Data Scraping consists in collecting data on the internet from publicly available sources, leveraging bot-built automations. It thus allows users to gather data at high-speed, and consequently extremely competitive price. Endly, it will allow you to convert unstructured data, mainly from web pages online, into clean, usable, structured datasets.
According to a large-scale industry research from MarketResearchFuture, the industry is valued in 2019 at USD 420 mio., and is expected to reach roughly USD 1 billion (!) by 2026, with a compound annual growth rate (CAGR) of 13.1% during the forecast period 2020-2026.
Emerging and extremely promising fast-pace double digit-growth industry in a word. Huh.
Though, while reading the publicly accessible Linkedin User Agreement, you’ll quickly notify any data scraping activity is explicitly forbidden:
Don’t. Explicit enough.
Thus, is such a large industry relying on illegal practices? After all, is it not similar to stealing?
Let’s be clear here: data scraping is of course a fully legal activity.
Public data, specifically facts (prices, names, locations), are not related to any property ownership. Private companies denying automated access are overstepping its rights, privatizing collectively-owned information.
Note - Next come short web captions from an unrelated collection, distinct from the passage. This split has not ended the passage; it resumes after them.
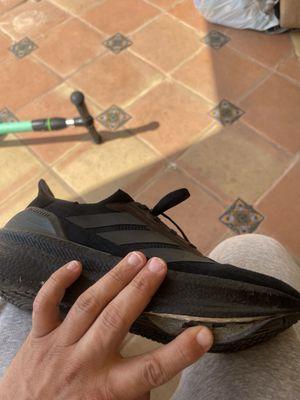 Poor quality on this Adidas ultra boost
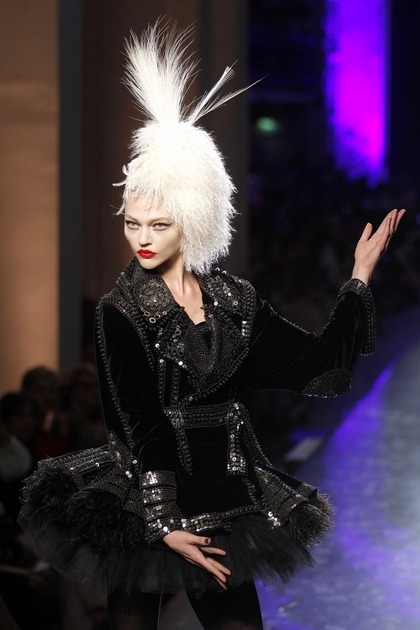 Jean Paul Gaultier FW Haute Couture 11 019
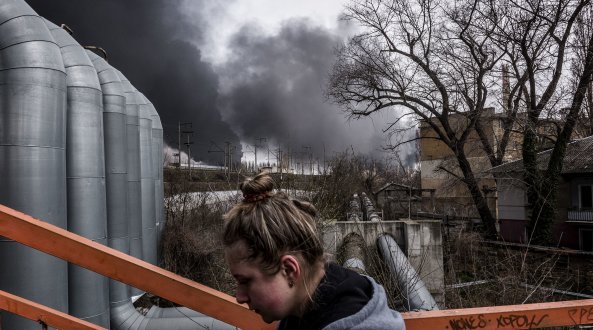 Ucraina, gli orrori della guerra: donne violentate davanti ai figli e poi uccise dagli invasori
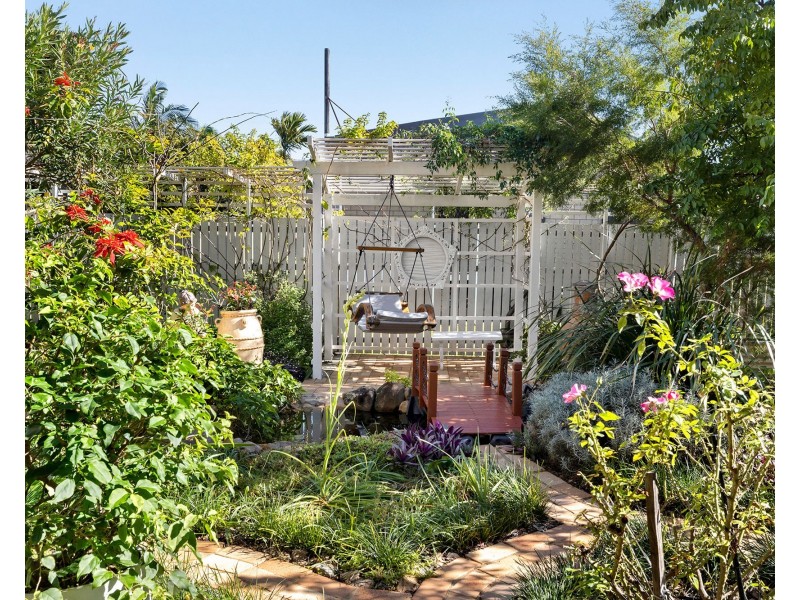 3 Marine Parade, Redcliffe QLD 4020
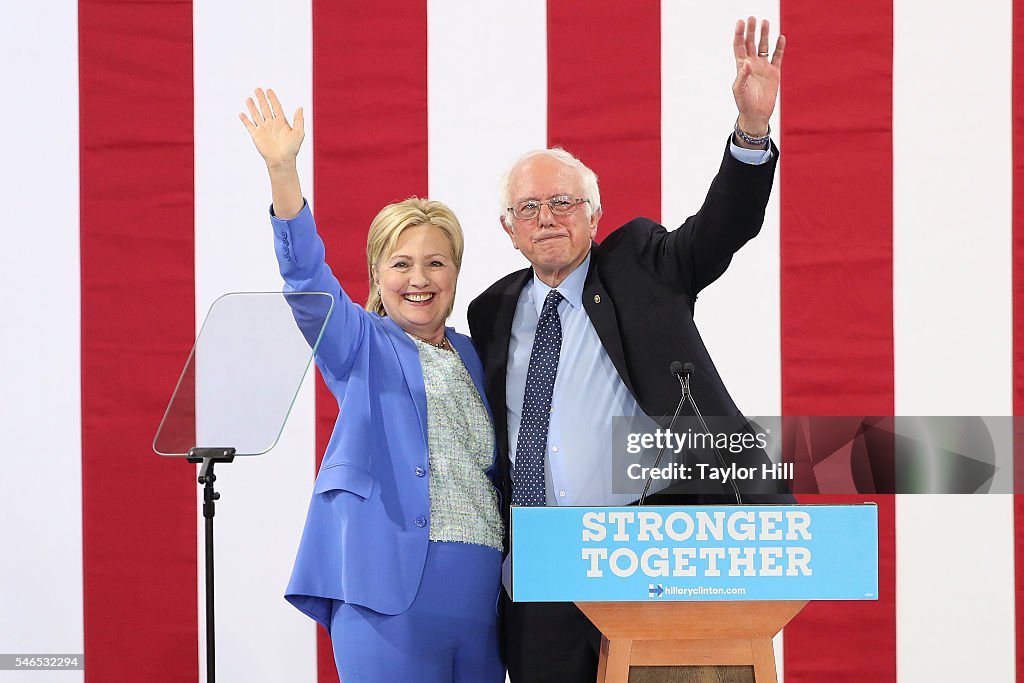 Senator Bernie Sanders Campaigns Hillary Clinton In New Hampshire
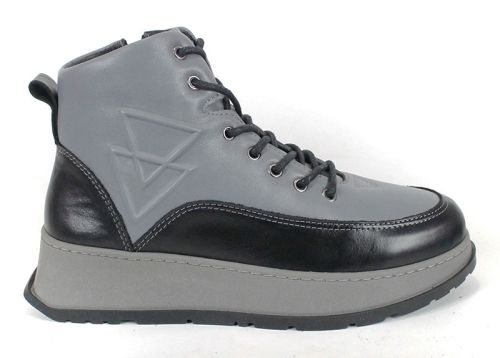 Ghete sport damă Linea Nova din piele naturală, combinație gri-negru, cu talpă înaltă și fermoar lateral, interior călduros.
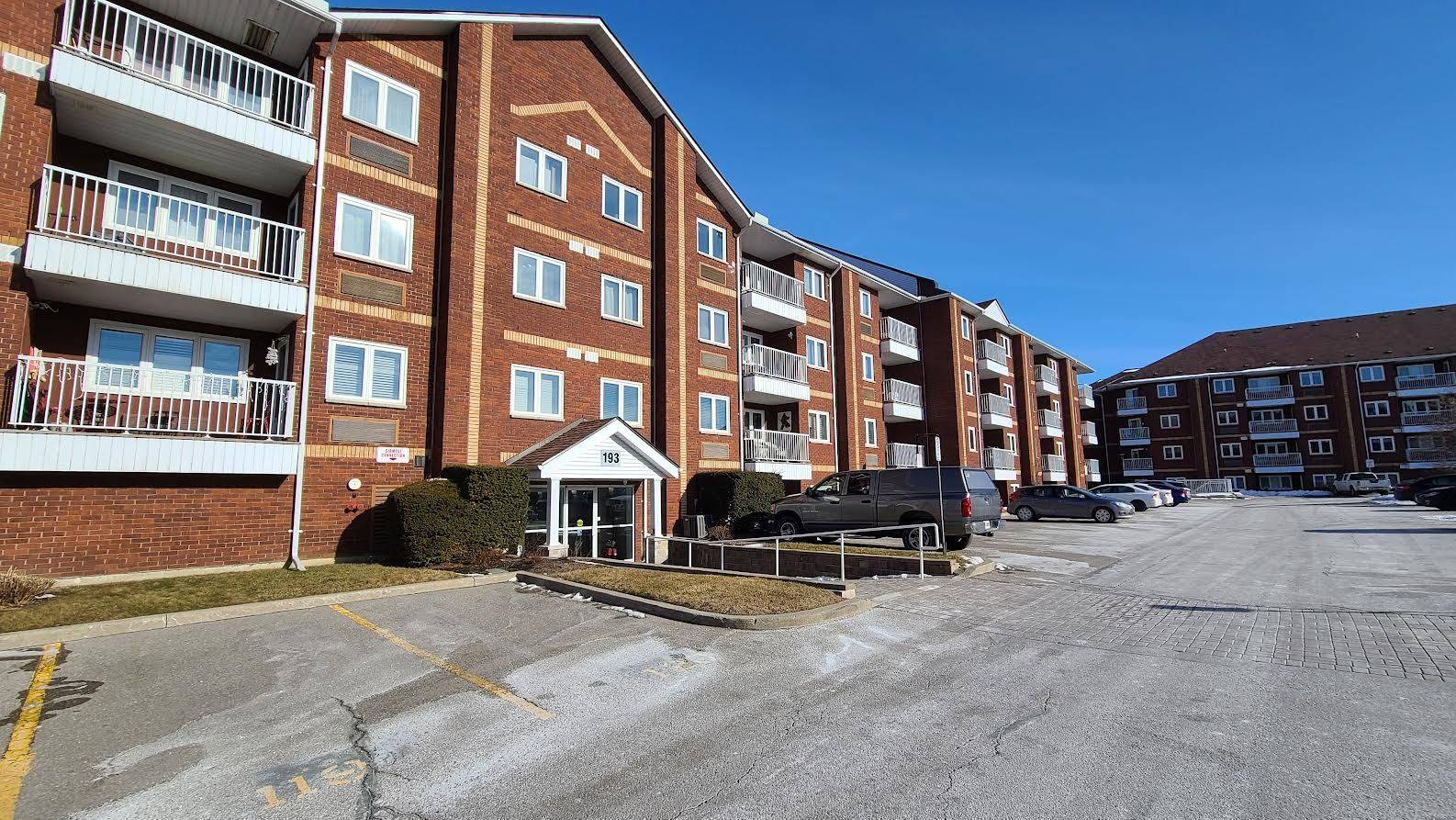 Ajax, ON L1S 7H8,193 Lake Drive WAY W #206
As all area, the scope of activity is though limited to restrictions:
- no copyright-related material
- no container replication
In other words, you can collect data at high-scale through data scraping activity. But, please, do not gather artworks, and do not reproduce initial database structure.
Publicly available data on the internet, like products pricing, email addresses, or real estate location, is not related to any copyright. This Introduction paper from Cornell University is specifying through an extremely explicit language:
Data that is factual has no copyright protection under U.S. law; it is not possible to copyright facts.
Basically speaking, you can collect data manually, staffing a low-paid, unhappy intern, whose 9-5 is copy-pasting content on a web page. Or you can use a state-of-the art, technology-driven, competitive scraper. Getting structured data at a competitive price. And leveraging precious human resources.
Art is art
Though, as also mentioned in this extremely valuable article from LegalZoom, some data publicly available on the Internet are not facts, but artworks protected by copyright.
Data scraping is thus a legal activity, but downloading artworks available on the internet at large scale and re-selling them on the Internet without rewarding the original maker is of course a clear violation of the right.
Art is art.
Endly, as properly mentioned by the excellent paper from the Cornell University, if facts public property, and can be gathered, container is not:
A database, on the other hand, can have a thin layer of copyright protection. Deciding what data needs to be included in a database, how to organize the data, and how to relate different data elements are all creative decisions that may receive copyright protection.
In other words, if the facts are publicly owned, the structure of the container hosting these facts — such as table organization, datapoints labels, and overall database architecture — is to be considered as a copyright-material.
Content, yes! Container, be careful.
Data scraping is a fully legal — and highly value-added — activity, allowing the final user to rely on structured and clean data, acquired at a competitive price. Publicly available data is not related to any copyright and can be considered as collectively owned.
If some large private companies are explicitly banning this kind of activity, they do not rely on any legal support, and are overstepping their rights.
In April 2022 it happened again: the Ninth Circuit rejected again Linkedin prosecution over HiQ Labs and found that scraping data that is publicly accessible on the internet is not a violation of the Computer Fraud and Abuse Act, or CFAA.